Des questions politiques et économiques n’ont pas manqué. Certains ont voulu savoir si l’enfant de la Médina va faire un pas dans la politique comme il l’avait laissé entendre, il y a quelques années. D’autres lui ont demandé s’il n’allait pas s’investir dans le pétrole. A tous ces gens, Youssou Ndour dira : ‘Je suis très content de ce que je fais. Ma musique, c’est ma passion, mon métier. Je n’ai pas besoin de faire de la politique ou autre chose. Par contre, tout le monde fait de la politique, participe. Moi, je commente ce qui passe dans mon continent. J’essaie de faire des choses, de faire passer des messages. Mais je ne sais pas, Madame, quoi faire autour du pétrole. Non ! Je ne sais même pas où cela se passe’.

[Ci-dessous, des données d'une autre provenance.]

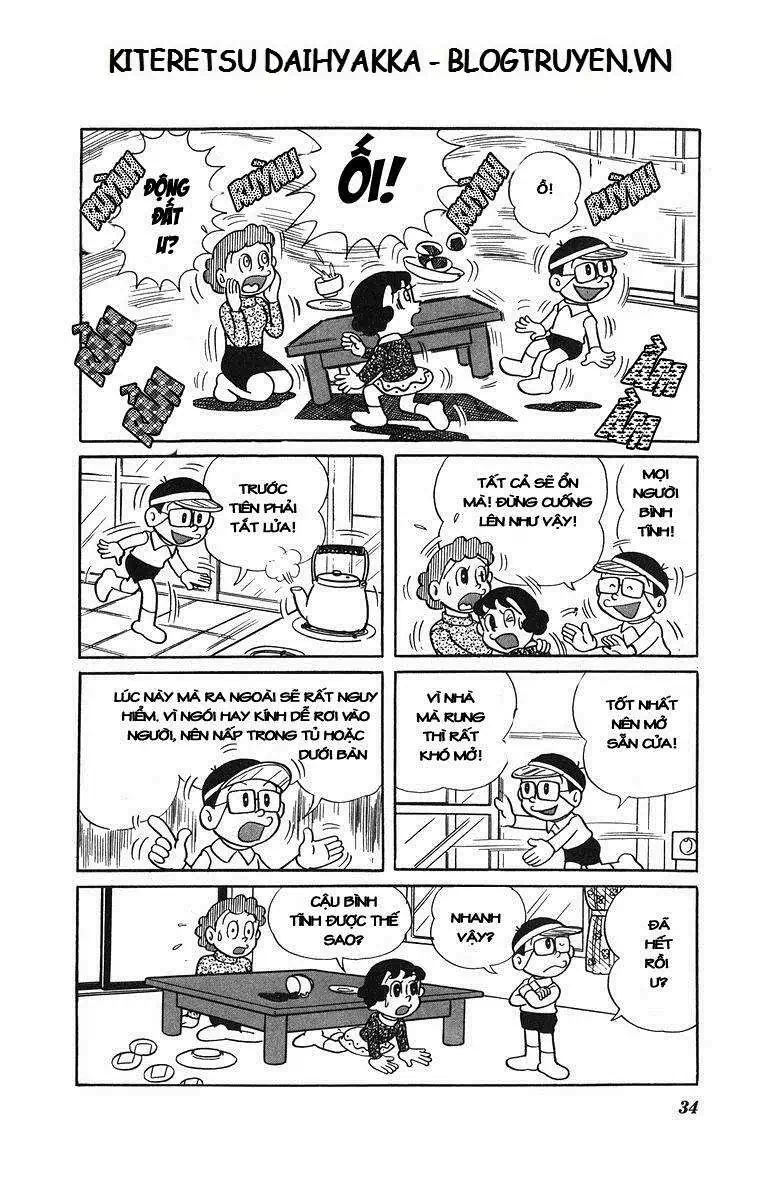 Truyện Tranh Cuốn Từ Điển Kỳ Bí - Kiteretsu Daihyakka trang 4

Quid du concert contre le paludisme ? ‘Cela va sortir en Dvd. Il n’y a pas de disque prévu, mais c’était un concert important. On est parvenu avec ce concert à sensibiliser beaucoup plus l’opinion africaine et les décideurs par rapport au paludisme qui est le problème le plus grave par rapport au nombre de décès par an. Nous continuerons la sensibilisation. Afrika Live n° 2 n’a pas encore trouvé de date. Mais je pense qu’on va le refaire dans une autre capitale africaine’.